Learning Journal #10: Cross-Cultural Experience and 260-282

I had numerous cross-cultural experiences that reinforced the major differences between text analysis and discourse analysis. Text analysis requires excellent reading capabilities and a background knowledge of the language and culture being studied. Discourse analysis, on the other hand, requires a certain sense of familiarity with the customs, beliefs, and expectations of a place and a people that allows you to react properly in social situations.  This is especially difficult in scattered dialogues, as opposed to monologues, when multiple individuals take turns in contributing to a conversation. There are certain bodily clues and cultural nuances that allow one to fit properly in this type of conversation. Many times during my stay in Thailand I felt as though I understood much of the vocabulary and sentences being spoken around me. But at times, during a meal for example, I still felt entirely lost in conversation and unable to contribute.

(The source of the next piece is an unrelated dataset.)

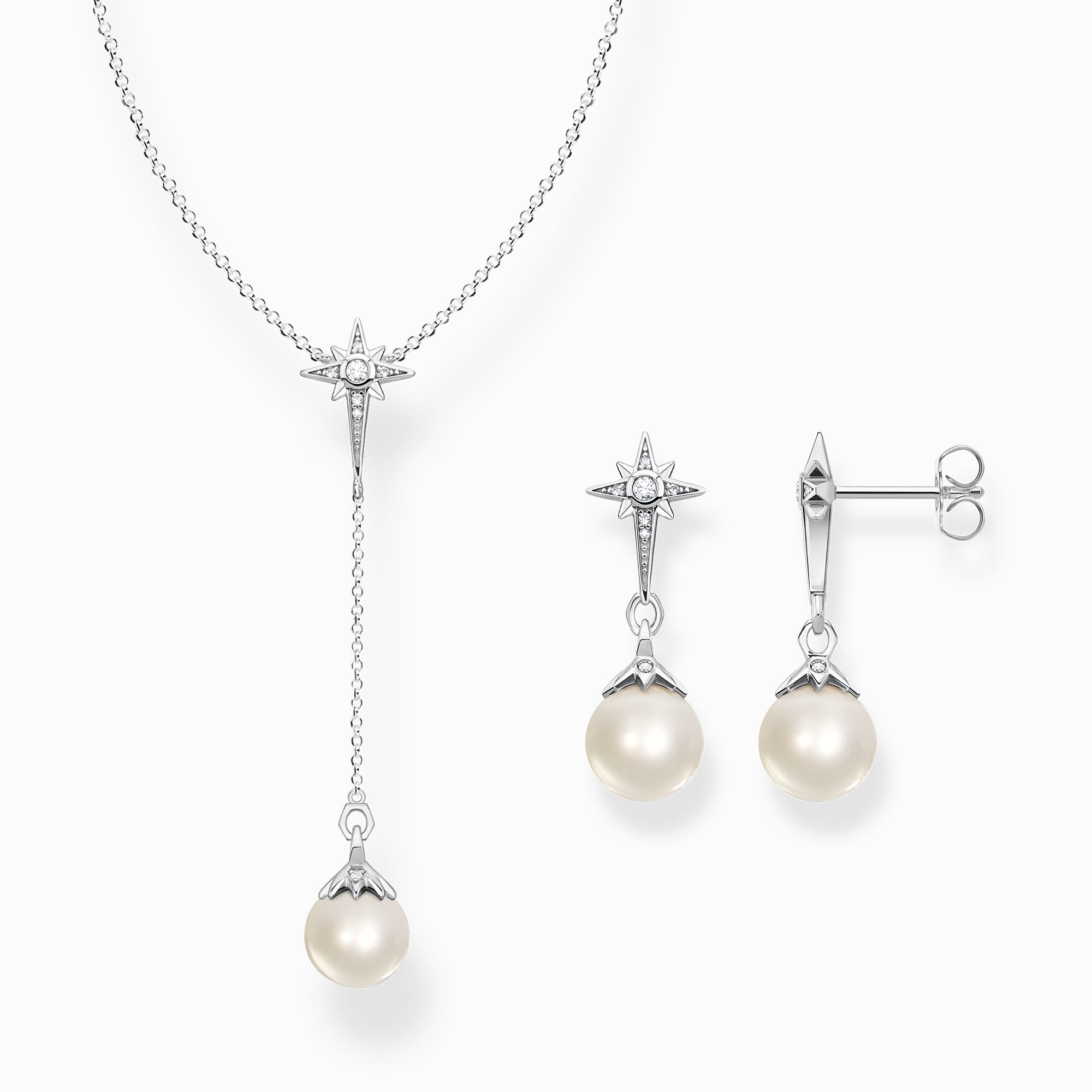 & pearl THOMAS Necklace freshwater SABO Silver | for women:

The cross-cultural experiences were most difficult for me not at the outset, rather after I had already displayed a level of language and cultural competence. A prime example of this is when I sat down for a meal with a Thai family having already had short introductory conversations with many of the individual family members. As the food was passed around, the “scattered dialogues” began and I was not able to keep up. All of the sudden everyone is looking at me and I have no idea what they want or how they expect me to react. It is at this point when I learned to admit failure and simply laugh in hopes that they would laugh along with me. Luckily, they usually did.